John’s presentation of the Pierced One as Feast is not merely a fascinating example of the Christocentric hermeneutic through which the apostolic mind reads Scripture, it is also a direct answer to the soul-hunger of the human race—to your soul’s hunger and mine.
Humanity is Hungry
Food is the first gift explicitly given by God to humanity (Gen. 1:29). In this way, Scripture depicts the human pair (and all who would come from them) as fundamentally “hungry beings.”[1] Indeed, before any curse or sinful lack, hunger—and the food to satisfy it—is the gracious gift of God to His image-bearers, constituting them as those whose life and fullness must be received into themselves from the outside.[2] Like all creation, the gift of hunger and of food was originally a means for humanity’s priestly communion with God in the temple-garden of the infant creation,[3] but, with the fall, this gift was turned in on itself.
By hunger’s grasping desire (“…the tree was to be desired…” Gen. 3:6), insatiable soul hunger became the lot of our race, and by feasting on false food (“…she took of its fruit and ate…” Gen. 3:6), the True Food was removed forever beyond our reach. Thus, driven from the presence of God—for whom all hunger ultimately exists—mankind entered its life of death torn by a hunger deeper than their flesh, a hunger the perishing food of the thorn-cursed fields could never satisfy (Gen. 3:18-19; Isa. 55:2; John. 6:27).
With this God-hunger before our eyes (and, if we are honest, in our own souls), I want to consider how the Scripture uses the fundamental image of a meal to depict the final healing of our Edenic wound. We will turn first to Isaiah’s vision of an end-time feast at which Death itself is devoured before moving to John’s Gospel where the Isaianic meal, from which seraphic tongues would not dare to eat, finds its unimaginable consummation.
Glimpses of an Eschatological Feast
Given the essential role played by food in the human experience—both in the foundational texts mentioned above, and in the physical and spiritual life of Israel throughout Scripture—it is not surprising that the hope of final redemption would find expression as an eschatological banquet over which YHWH Himself presides and by which the mortal wound of humanity (imaged as the primal experience of hunger) is at last healed.[4] One of the clearest visions of this festal hope appears in Isaiah 25:6-9:
On this mountain the LORD of hosts will make for all peoples a feast of rich food, a feast of well-aged wine, of rich food full of marrow, of aged wine well refined. And He will swallow up on this mountain the covering that is cast over all peoples, the veil that is spread over all nations. He will swallow up death forever; and the Lord GOD will wipe away tears from all faces…It will be said in that day, “Behold, this is our God…This is the LORD; we have waited for Him; let us be glad and rejoice in His salvation.”

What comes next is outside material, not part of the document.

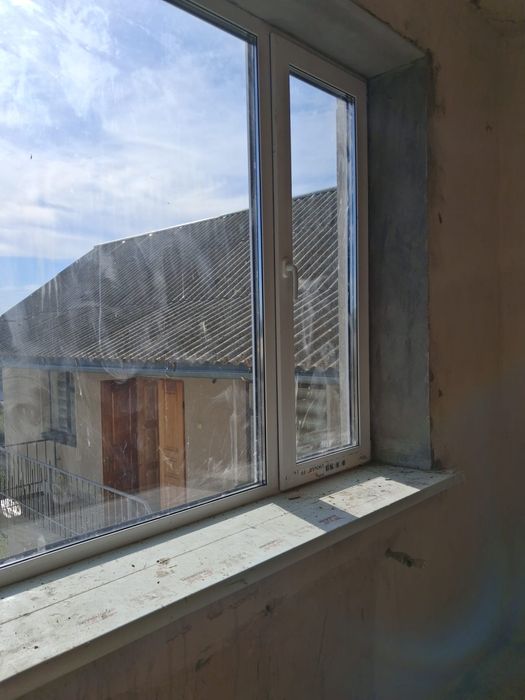 Продаж великого нового будинку у смт Підволочиськ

In these verses, the Spirit interweaves hunger and hope, picturing the final redemption of mankind as an eschatological banquet. A few points are worth noting here.
First, see the implicit association of hunger and death: as the people feast (that is to say, as their hunger is satisfied), death is swallowed up forever. To satisfy oneself at this table is to enter into a life without death.
Second, notice the striking parallelism between the experience of “the peoples” and that of YHWH: while the people feast on the rich food and well-aged wine that YHWH has provided, YHWH himself feasts on death, “swallowing up” forever the cursed veil spread over the nations.[5] Haunting glimmers of an unthinkable substitution flit across Isaiah’s vision of eschatological joy.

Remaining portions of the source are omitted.